ネタバレしますのでご注意を。(『覇王別姫』に関しても)
よく練られた素晴らしい脚本でした。
もちろん中華ドラマらしい大げさな表現に彩られてはいますがそこは好みですね。私にはしっくりきました。
最期は大団円でした。あらゆる布石を活かしてまとめられていました。
私はどうしてもチェン・カイコー『覇王別姫』との比較をしてしまいます。
レスリー主演の『覇王別姫』は素晴らしい作品ですが悲しくあり残念に思えるところもあります。
『覇王別姫』は時期的に同性愛表現そのものが画期的で冒険でもあったでしょうがそれでも当のふたりを「結ばせる」というまでには至れない。悲恋という形でしか展開できなかった。
本作で「当のふたり」である程鳳台と商細蕊はあくまでも友人として描かれます。妙な思わせぶりの表現演出はなかったと思います。
鳳台の細蕊への敬愛は幼い頃失ってしまった母親への敬慕と重なり鳳台が秘めてきた母を天女もしくは女神と思う気持ちを細蕊が引き出してしまったことから始まっています。しかし交流を深めるうちに彼の奔放さ情の深さ激しさを本気で好きになっていくのです。
細蕊の性格はかなり破綻していて病的といえるのですが翻弄されながらも鳳台はよりその魅力にはまってしまうのです。
細蕊は優れた役者ですがその精神が複雑です。図太さと繊細さ、強さと脆さを併せ持っているのです。幼い頃は師姉がそれを守ってくれていたのにある日失い発作を起こしてしまう。
愛情を求める気持ちが強すぎるのです。
細蕊は鳳台に師姉のような愛情を感じたのかもしれません。つまりここでふたりの情愛は恋心というより母と姉の代わりという家族愛から生まれている共通点があります。
同性愛と言う言葉が持つ性愛ではない、というところに本作品が訴える友愛の形があるように思えるのです。

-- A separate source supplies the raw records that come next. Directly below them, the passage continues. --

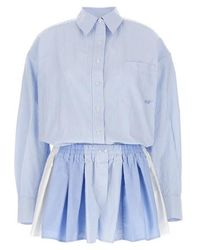 Alexander Wang - 'prestyled Pleated Boxer Romper' Jumpsuit - Lyst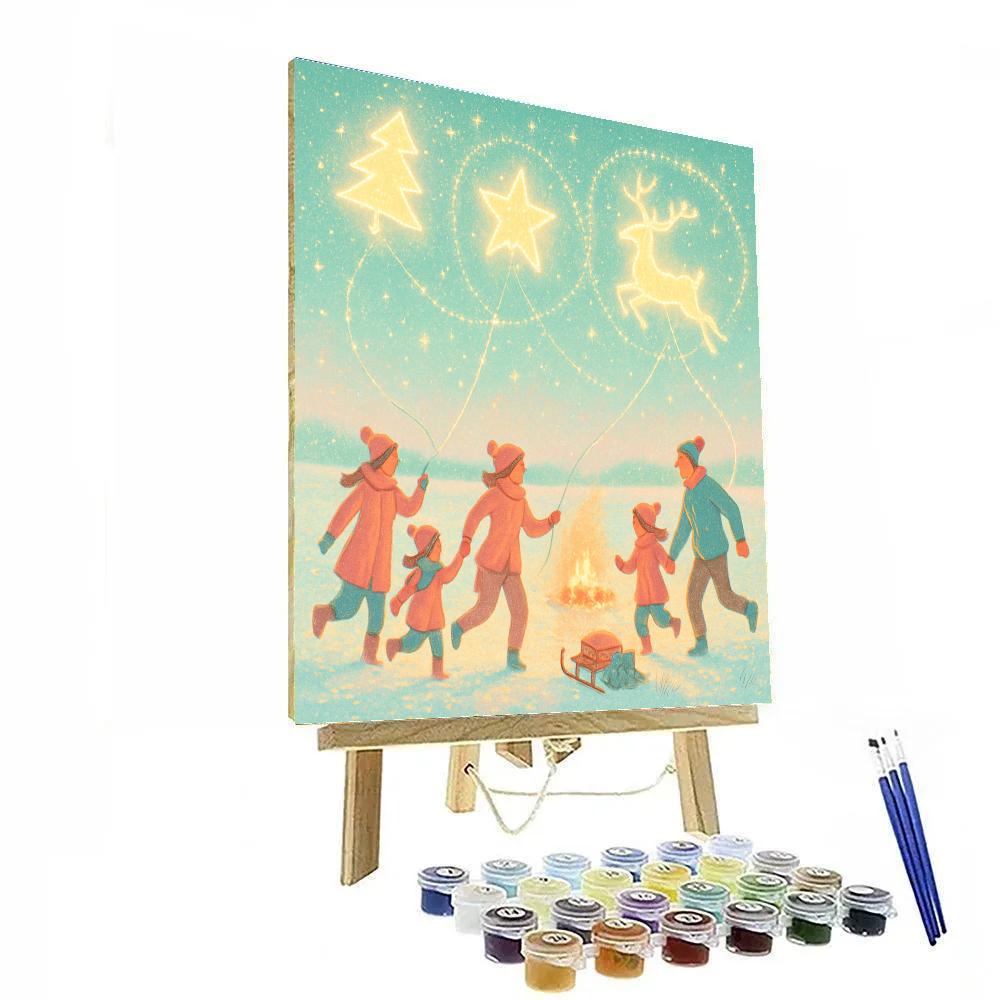 Snowy Carousel Of Christmas Kites Paint by numbers kits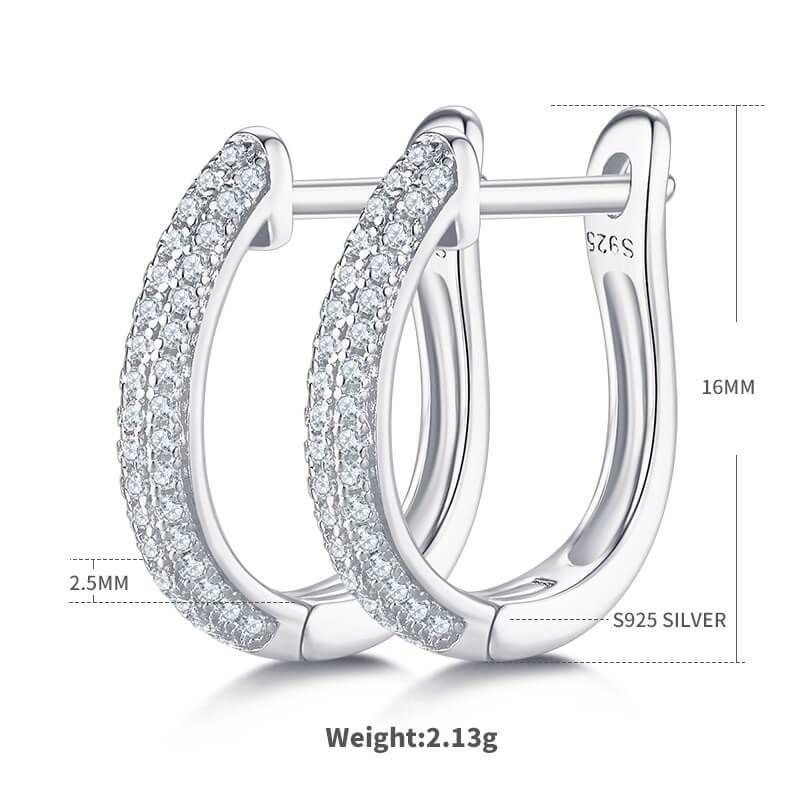 Half pave three rows Moissanite huggie hoop earrings stud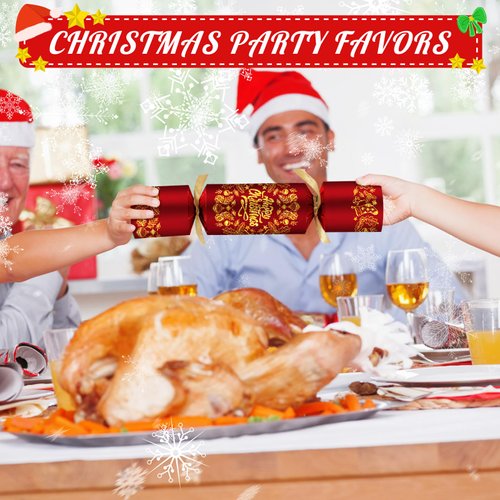 10PACK Christmas Party Favor 10‘’ No-Snap Table Favors with Prize Joke Gifts for Adults Kids Party Supplies Dinner Decorations British English Holiday Games Red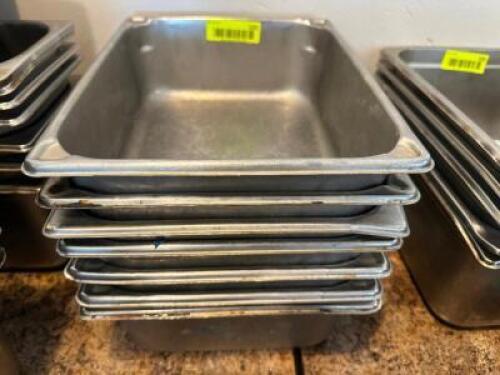 (6) - HALF SIZE STAINLESS INSERTS NO LIDS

つまり本作は同性愛とかBLというカテゴリではないしそれを隠して表現したのではなく「深い友愛」という物語だったのです。
むしろそれは昔の物語に戻ったともいえそうですがもちろん単に戻っただけではないのは明らかです。
程鳳台は愛する妻子がいます。彼が日本軍とのいざこざで死に直面した時思い起こしたのは妻子を守ることでした。
細蕊は師姉に奇妙なほど執着した愛情を持ち、亡くしてしまった小来を死後娶ります。細蕊は肉欲が薄いのです。

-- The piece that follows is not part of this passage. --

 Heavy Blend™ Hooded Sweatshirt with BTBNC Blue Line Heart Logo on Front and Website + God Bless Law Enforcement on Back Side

その分食べる肉欲が凄まじいのですが。(これも布石か?)
同じように強い師姉弟関係だった六月紅と臘月紅が悲しい展開になってしまうのも対比として描かれているのでしょう。
チェン・カイコー『覇王別姫』との対比でいえば蝶衣に惚れ込む日本軍人が本作でも登場します。雪之誠=九条和馬の細蕊への恋慕はひたむきで哀れを感じさせました。
そしてほぼ思った通りでもあったのですが素晴らしい大団円で幕を閉じましたね。
『覇王別姫』で蝶衣が同性愛を遂げられず命を落とすという最期は今の感覚では受け入れ難いではありませんか。
本作品では程鳳台と商細蕊の友愛は壊れたりしないのです。
例えその肉体が離れ離れであったとしても。
しかも数年すれば会えたはずですね。
ふたりの間柄は「知音」となっているのです。綺麗な言葉ですね。この言葉を知ることができただけでも素晴らしい出会いでした。それどころではないのですが。
鳳台は結局細蕊の歌声で生き返り目覚めました。
そのことに意味があると感じています。
英語タイトルが「ベゴニア」となっているのでそのままベゴニアを想像していたのですが「花海棠」はこういう花なのですね。